Look at "Source-to-target rules" for data conversions,
in which those ARE the quoted formulas.
The attributes ARE known (look at the declarations).
> > (I guess 'N' is defined somewhere - but I can't seem to find it..
> > so I take it to mean the maximum precision allowed by a
> > FIXED BINARY, which would be 63???
>
> Used to be 31, but is probably 63 by now.
Look in a current manual for the limits.
> > I'm not sure that matters as p2 would be 54 here... I sure would
> > like to know the definition of 'N'.)
>
> Yes it is the maximum allowed, but I don't know if that is,
> by now, 31 or 63 or even more.
Look in a current manual for the limits.
> > But, if you follow that rule - does it mean that the scale of the
> > intermediate result is 332? 332 is much larger than the
> > maximum scale (which is 127.) So - how
> > is that handled? (Just an internal matter.. or?)
>
> As well as I know it, when the destination precision and
> scale are known, then there is no need for the table.
David R. quoted the relevant formulas above.

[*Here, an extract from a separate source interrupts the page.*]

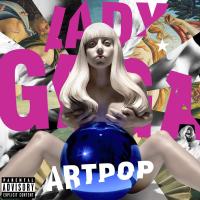 Artpop | Lady Gaga (1986-....)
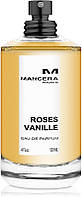 Mancera Roses Vanille - Парфюмированная вода (тестер без крышечки) (983834)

You can find them in the manual.
> > And - our result scale is 127 - so presumably the intermediate value
> > would have to be left-shifted 205 bits... which, I imagine, could cause
> > an OVERFLOW condition (if the result had any 1 bits at all) and could
> > only be satisfied without the possibility of a condition if D were 0.
>
> Easy for the compiler, just test for zero, and either signal
> FIXEDOVERFLOW or assign zero. (Unless FIXEDOVERFLOW is disabled.)
SIZE is enabled, and is raised in situations when FOFL is raised.
> > Lastly - IBM provides a table of the values for calculating
> > CEIL(n*3.32), but the table only seems to go up to 33.
> > What about the other possible values?
>
> It should just be the actual value of CEIL(n*3.32).
??? That's what the table would give.
> I seem to remember at one time that when the value would have
> given extended precision,
??? There was no such thing as "extended precision" for fixed-point.
> but just barely, there was a table
> that rounded down just enough.
Why not look in a manual to find out what actually happens?
instead of guessing.
> CEIL(3.32*33) is CEIL(109.56) or 110. When extended precision
> has '1' for the leftmost hex digit it has 109 significant bits.
What? Floating-point now? That's irrelevant.
> CEIL(16*3.32) is CEIL(53.12), just barely more than double
> precision with a '1' leftmost hex digit. The table I remember
> gives 53 instead of 54 for that case.
That's irrelevant. The operands are fixed-point.